The Indian Express     22nd December 2020     Save    
QEP Pocket Notes

Context: Rising challenges in the Indo-Pacific necessitates closer cooperation between India and the European Union.

India-Europe (EU) relationship: Converging areas of the relationship

  • Changing the strategic perception about Europe: 3 Recent developments signify this
    • India's support for France's membership of the Indian Ocean Rim Association (IORA).

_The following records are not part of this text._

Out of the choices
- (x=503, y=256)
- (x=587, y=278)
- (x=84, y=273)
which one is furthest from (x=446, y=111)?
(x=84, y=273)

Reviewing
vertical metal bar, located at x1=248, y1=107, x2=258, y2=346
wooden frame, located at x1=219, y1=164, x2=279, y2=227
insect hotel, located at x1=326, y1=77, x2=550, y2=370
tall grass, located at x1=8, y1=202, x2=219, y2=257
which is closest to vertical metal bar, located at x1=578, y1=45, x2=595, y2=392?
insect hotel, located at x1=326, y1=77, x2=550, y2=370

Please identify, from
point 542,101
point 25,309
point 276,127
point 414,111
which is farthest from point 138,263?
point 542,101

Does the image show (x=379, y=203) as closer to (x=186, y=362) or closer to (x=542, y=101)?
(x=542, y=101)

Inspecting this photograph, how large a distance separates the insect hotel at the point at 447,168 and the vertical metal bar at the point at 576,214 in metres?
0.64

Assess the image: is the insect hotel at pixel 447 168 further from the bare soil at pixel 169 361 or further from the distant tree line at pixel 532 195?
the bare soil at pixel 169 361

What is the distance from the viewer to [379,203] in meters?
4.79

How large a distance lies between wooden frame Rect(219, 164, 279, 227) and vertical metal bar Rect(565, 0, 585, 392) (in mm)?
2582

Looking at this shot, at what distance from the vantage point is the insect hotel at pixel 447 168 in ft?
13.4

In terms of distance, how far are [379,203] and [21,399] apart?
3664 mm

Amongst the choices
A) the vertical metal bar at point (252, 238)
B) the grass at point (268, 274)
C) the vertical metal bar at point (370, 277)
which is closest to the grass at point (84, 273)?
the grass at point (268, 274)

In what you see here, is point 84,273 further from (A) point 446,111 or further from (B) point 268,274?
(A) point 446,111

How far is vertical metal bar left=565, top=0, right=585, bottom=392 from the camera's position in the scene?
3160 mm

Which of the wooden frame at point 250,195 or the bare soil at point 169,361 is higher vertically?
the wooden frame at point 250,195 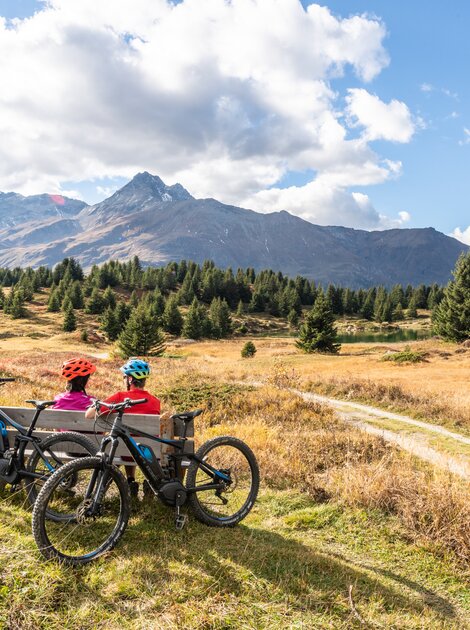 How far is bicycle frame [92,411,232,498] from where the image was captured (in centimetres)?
500

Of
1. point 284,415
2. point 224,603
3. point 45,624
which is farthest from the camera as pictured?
point 284,415

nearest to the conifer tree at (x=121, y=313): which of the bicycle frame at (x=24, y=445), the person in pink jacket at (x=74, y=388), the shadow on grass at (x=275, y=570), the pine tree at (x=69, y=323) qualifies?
the pine tree at (x=69, y=323)

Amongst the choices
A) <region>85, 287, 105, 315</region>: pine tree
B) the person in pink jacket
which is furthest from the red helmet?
<region>85, 287, 105, 315</region>: pine tree

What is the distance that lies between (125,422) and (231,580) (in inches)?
99.5

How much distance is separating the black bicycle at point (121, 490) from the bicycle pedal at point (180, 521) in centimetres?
1

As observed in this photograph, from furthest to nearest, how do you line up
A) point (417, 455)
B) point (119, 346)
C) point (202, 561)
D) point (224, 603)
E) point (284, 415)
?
1. point (119, 346)
2. point (284, 415)
3. point (417, 455)
4. point (202, 561)
5. point (224, 603)

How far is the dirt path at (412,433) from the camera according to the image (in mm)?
11172

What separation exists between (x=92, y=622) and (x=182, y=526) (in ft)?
6.00

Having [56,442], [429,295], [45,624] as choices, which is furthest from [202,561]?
[429,295]

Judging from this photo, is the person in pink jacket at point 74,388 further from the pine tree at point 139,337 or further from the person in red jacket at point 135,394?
the pine tree at point 139,337

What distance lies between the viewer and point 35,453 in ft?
19.6

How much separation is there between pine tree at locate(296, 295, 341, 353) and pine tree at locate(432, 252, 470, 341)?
15.5m

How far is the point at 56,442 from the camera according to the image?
591 cm

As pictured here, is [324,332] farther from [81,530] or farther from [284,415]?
[81,530]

In 2018 Emmanuel Macron unveiled an expansive framework for revitalising the strategic partnership.
    • Interest of Germany and Netherlands in the Indo-Pacific.
    • Security cooperation in the Indo-Pacific is converging with the plans to enhance the relationship with the United Kingdom (UK). (which is defining its new international role due to BREXIT)
  • Provides a look beyond the US-China competition: India has shed it post-colonial mental block against regional security cooperation with the post-imperial Europe.
    • While the US has become an important partner for India, it must be cautious of a future Sino-US relationship marked by intense competition and significant cooperation.
    • To cope with the uncertain political trajectory of the US, India is supplementing its American partnership with other mini-laterals such as India-Australia- Japan forum and the trilateral dialogue with France and Australia.

Challenges to India-EU partnership:

  • Historical reasons: Both the bipolar Cold War dynamic (the East-West dimension) and the North-South framework (developing world vs developed) prevented India-EU partnership. (Quotidian diplomacy)
  • Chinese challenge: Communist China, with its special sensitivity to "inter-imperialist" contradictions, invested massive political and diplomatic effort to cultivate European political classes and elites.
    • France, with its territories in the Western Indian Ocean and the South Pacific, was quick to identify the challenge.

Way Forward: Areas of cooperation between India-EU

  • Resolving the disputes: India can help in resolving their lingering disputes leftover from the era of decolonisation in parts of the Western Indian Ocean. (with France and Britain)
  • Europe's presence can be beneficial: Working with the Asian democracies, the EU can -
    • Mobilise massive economic resources for sustainable development of regional infrastructure,
    • Wield political influence and leverage its significant soft power to shape the Indo-Pacific discourse.
    • Significantly boost India's own comprehensive national power.

Conclusion: A strong coalition of Asian and European middle powers must now be an indispensable element of the geopolitics of the East.